Whatever nasty things I may have to say about the alleged sciences of economics or psychology, the problem that the rapid successes of the mathematicized sciences have created is a lopsided way of looking at our understanding. At one pole of what was once philosophy there is the language of mathematics: pure and sacred, well defined and clear, but remote and incapable of describing certain kinds of human complexity in a useful manner. At the other lonely pole, we still have poetry. I hope. By poetry I mean real language discussions, debates, exaplanations, analogies, and metaphors for the things that matter to us about the world. Poetry leads to a different kind of reasoning in the pursuit of knowledge and truth.
Poetry, the natural language of reason and rhetoric, must be understood to be useful. The language must say something clearly. An analogy or metaphor is as perfectly useful in understanding our world as a differential equation. To determine its validity, the same sorts of thing that are done with equations are done with the poetry. First we must ask, "what does this mean?" When we think we understand it clearly (for otherwise what is the point of any knowledge?), we look beyond it, and say, "what does this meaning imply?" "What truths that are not spoken here must also be the case?" Then we examine those resultant truths, exactly as the physicists do the results of their carefully duplicated experiments. If the projected truths bear fruit and shine light on previously unknown things, then they bear witness to the usefulness, the validity and the beauty of the poetry which spawned them.
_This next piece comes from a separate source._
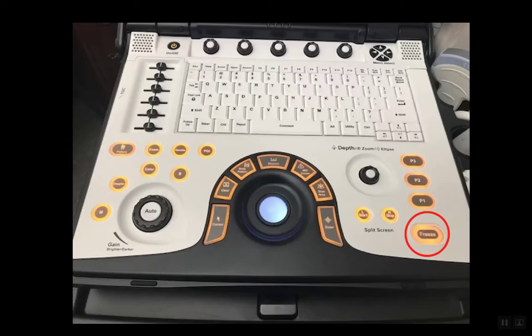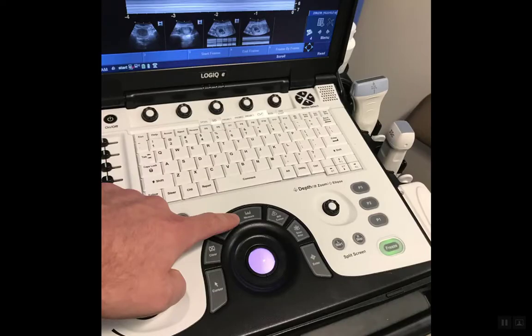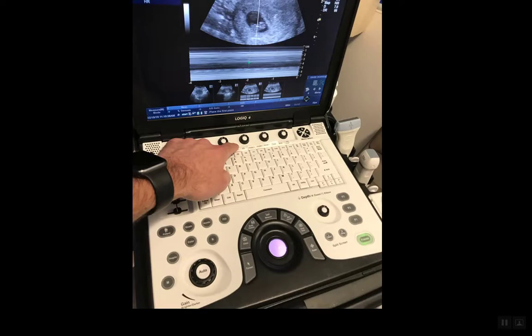You then want to freeze the clip and measure. The last thing you have to do is change to the heart rate preset, because if you just leave it as it is, it's going to measure a distance when you want to measure a heart rate instead.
If they should prove wanting, or misleading, or poverty stricken in their ability to richen the dialogue, they will likewise be downgraded, just as a discarded theory must be that failed in its mathematical projections.
I seek here to consider the foundations of a new kind of science, on the opposite pole of those which have gained such prominence. By its very definition, a science of the transcendant will not yield to mathematical analysis of any conventional sort - for it deals in the nature of the universe which is not ordered; the "stuff" that is "not-stuff," a "time" that is "no-time." Whereas the power of modern physics was capable of pinpointing celestial and atomic motions before ever beginning to define its own limits of definition, the power of modern transcendant theory is that it starts by defining what cannot be known. From this point, however, surely some inroads can be made and increases to our knowledge be gained.
I think that while by "transcendental" I mean the sort of "experiences we have that are not things that happen," in a very parallel way this sort of exploration can be used to study such difficult topics as consciousness and how it is that what we call "mind" arises from what we know as "body."
It is my hope that this science will not be capable of yielding in its results the formulae for bombs, poisons and other ways for men to assert power over one another; this is due to the utter lack of predictability of its subject matter. The nature of the predictability of this subject - that certain things about the way we are will produce certain enriching kinds of results if they are understood and respected - I hope will become at least paritally clear. I hope that a means of bettering the content of the lives of all those who desire it should be brought closer to their reach, for that is what philosophy, and its children, the sciences, are truly for.